▶ [Exercise brief] Nothing but the lines below from the one that contains "A man (Stanislav" through the one that contains "Spacious backyard deck" should be retyped, exactly and including both ends. Do not include pictures.

▶ [Short web captions]
▬▬▬
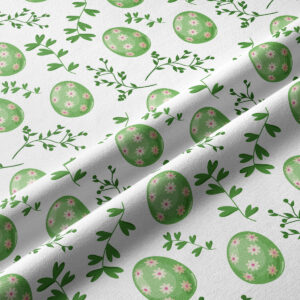 Zbliżenie faktury tkaniny i detali wzoru z zielonymi pisankami i różowymi kwiatuszkami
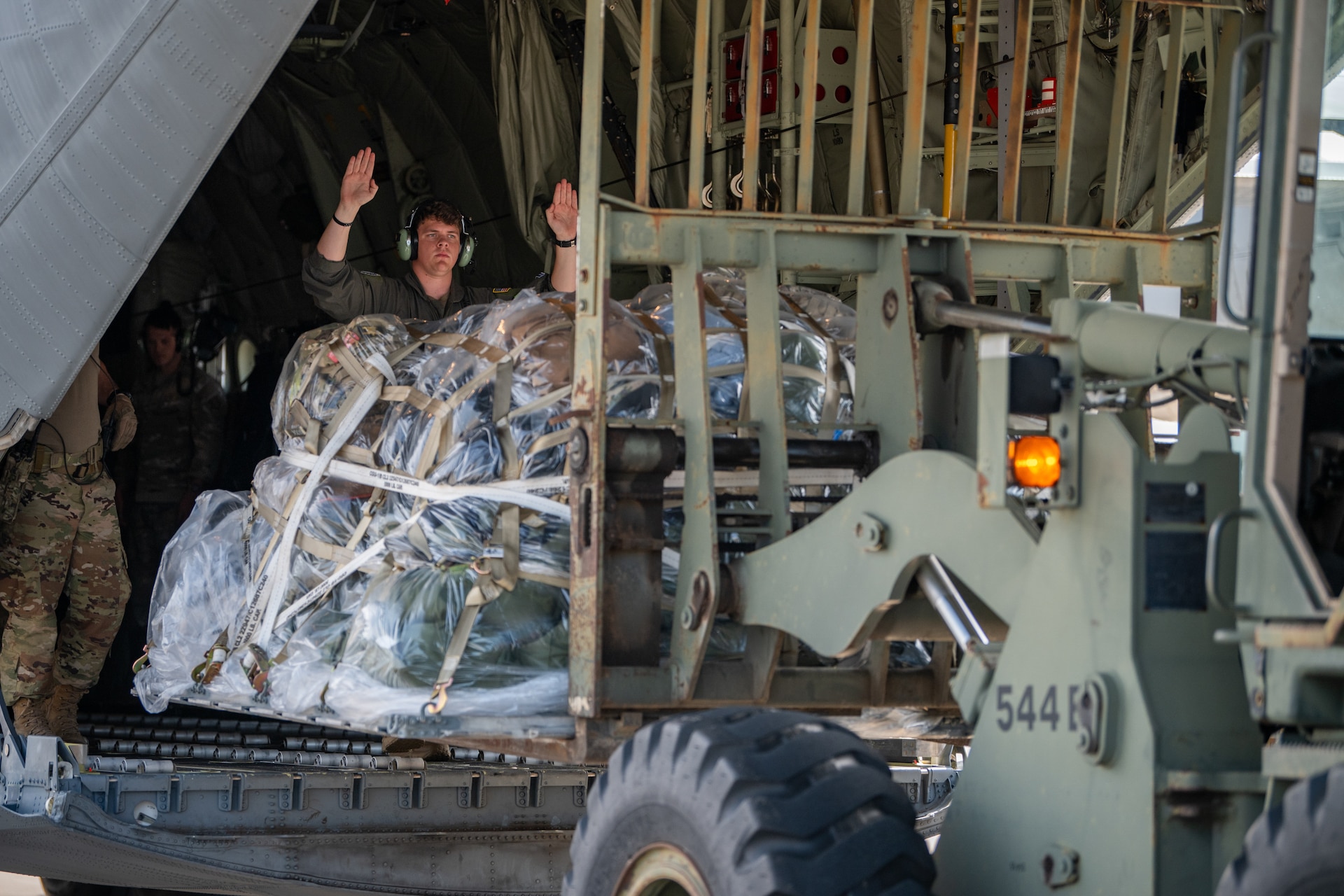U.S. Air Force Airman 1st Class Kyle Brentzel, a loadmaster with the Kentucky Air National Guard’s 123rd Airlift Wing, guides a forklift unloading cargo at Volk Field Combat Readiness Training Center, Wis., Aug. 21, 2026, during Exercise Patriot 26. The Air National Guard-hosted exercise brings together approximately 1,000 Airmen and Soldiers from National Guard units across 35 states, along with federal, state and local agencies, to enhance domestic response readiness and interagency coordination during large-scale emergencies. (U.S. Air National Guard photo by Senior Airman Angelee Barnett)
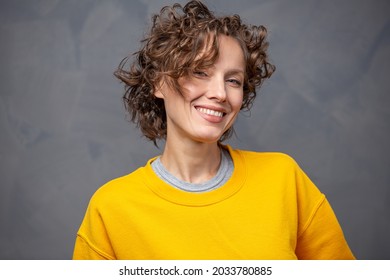 Happy cheerful young woman with short curly hair wearing bright yellow sweater, natural makeup over grey background - Shutterstock ID 2033780885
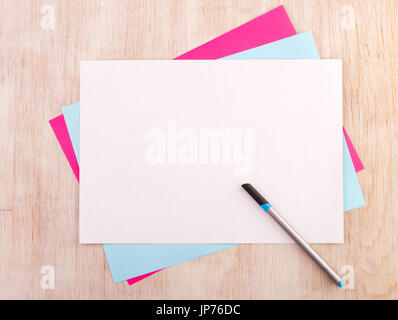 Top view of colorful papers with blank white on the top and marker on wooden desk Stock Photo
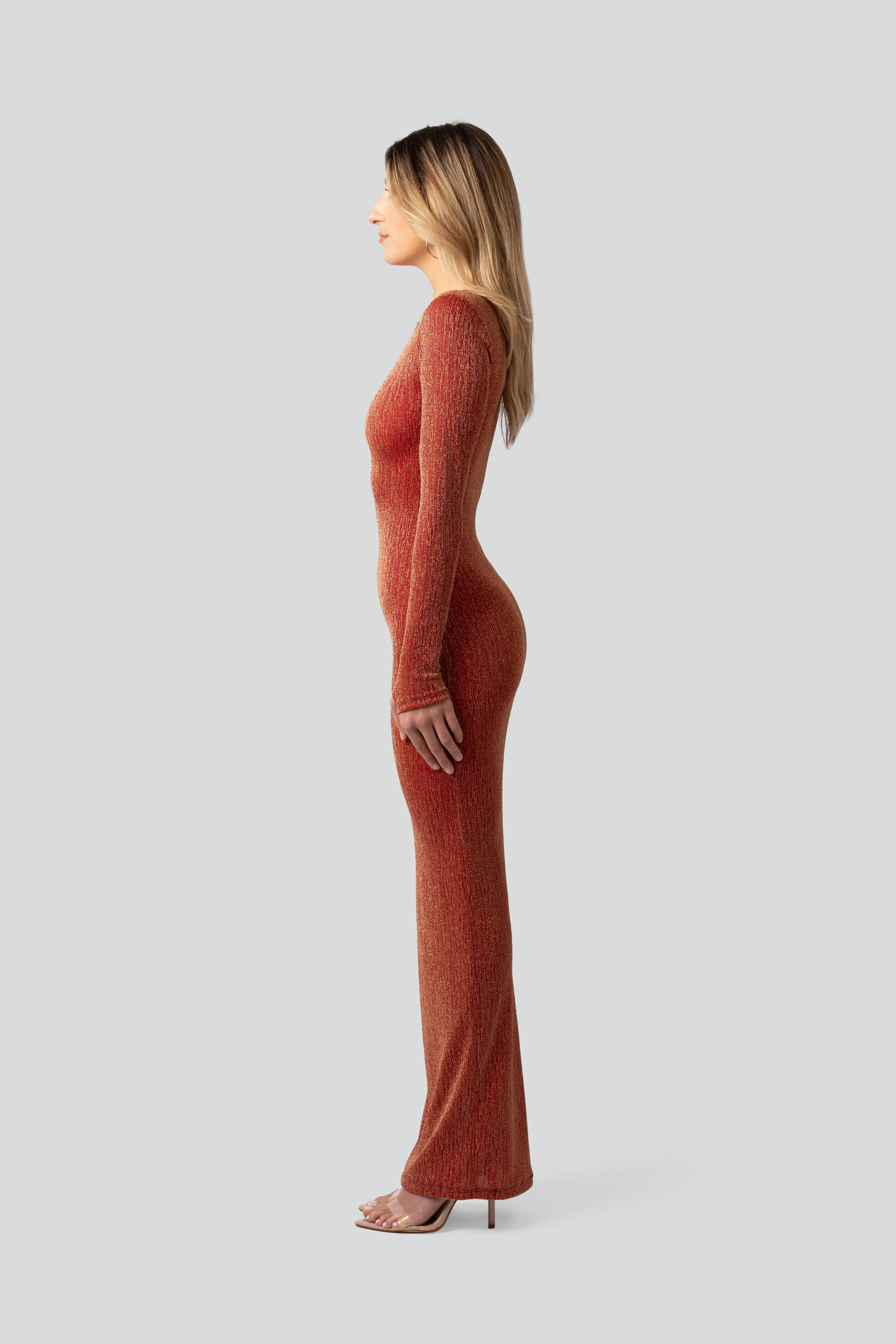Side view of a woman wearing a long-sleeved burnt orange dress against a plain background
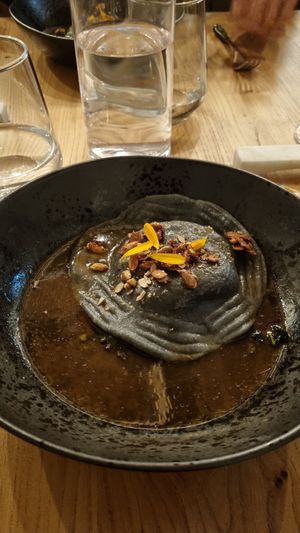 Raviolo met miso-pompoen en in koffie geroosterde knolselderijbouillon at Kasvio in Utrecht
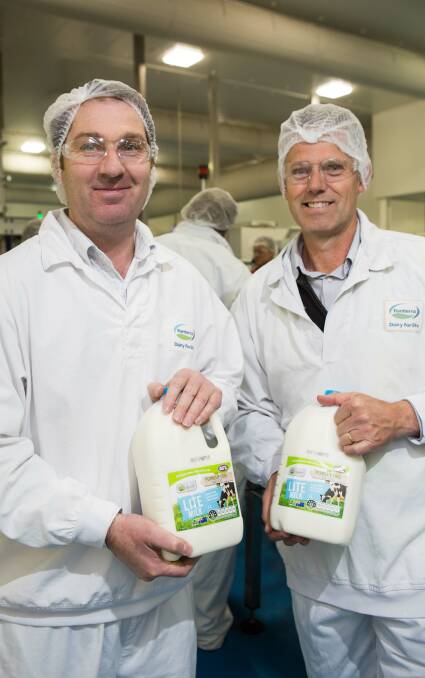 Producing: Brett Rowlands and Andrew Nooy with some of the first commercial milk to be produced at Fonterra's new Cobden plant.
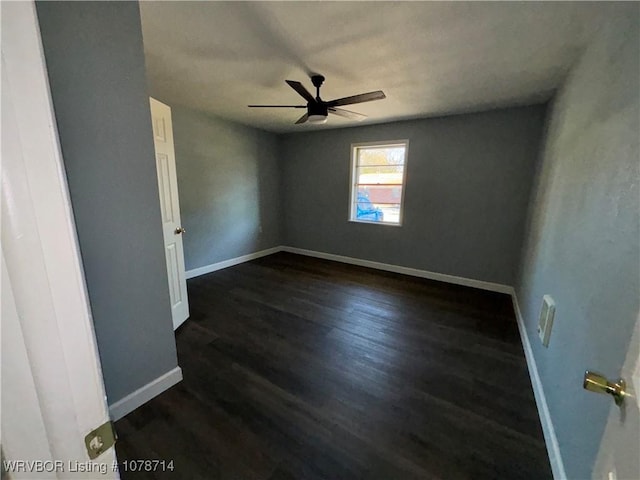 unfurnished room featuring dark wood-type flooring and ceiling fan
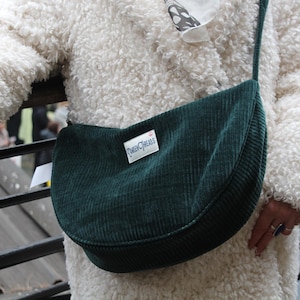 Könnte beinhalten: Dunkelgrüne Cord-Umhängetasche mit geschwungener Form. Die Tasche hat einen langen Riemen und ein kleines rechteckiges Etikett mit dem Text "TinkerThreads". Die Tasche wird über einem weißen, flauschigen Mantel getragen.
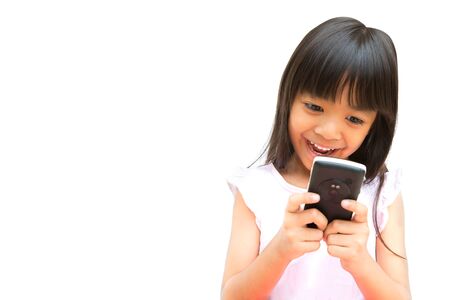 Little Girl with Mobile Phone Isolated on White Background の写真素材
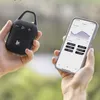 Hands holding a portable Bluetooth speaker and a smartphone outdoors. Voir les images du produit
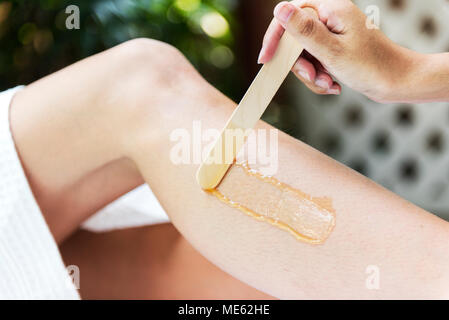 Woman getting legs waxed at a spa Stock Photo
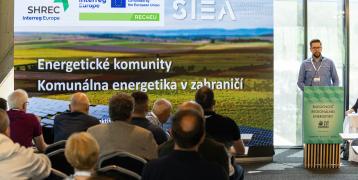 A man (Stanislav from SIEA) standing at the desk presenting Energy Communities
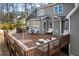Spacious backyard deck with multiple seating areas, perfect for outdoor entertaining and relaxation at 260 Culbreth Rd, Chapel Hill, NC 27516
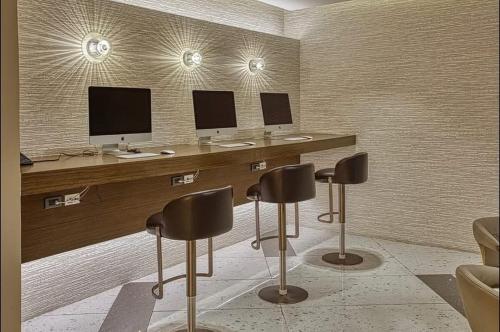 a room with three desks with three monitors and chairs at The hotel residences at Acqua in Manila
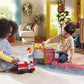 Two children sit on a colorful rug, engaging in imaginative play with building blocks, a toy fire truck, and the Magnatiles Fire Station 50-Piece Set in a sunlit living room decorated with plants.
▬▬▬
▶ [Final answer]
 A man (Stanislav from SIEA) standing at the desk presenting Energy Communities
Spacious backyard deck with multiple seating areas, perfect for outdoor entertaining and relaxation at 260 Culbreth Rd, Chapel Hill, NC 27516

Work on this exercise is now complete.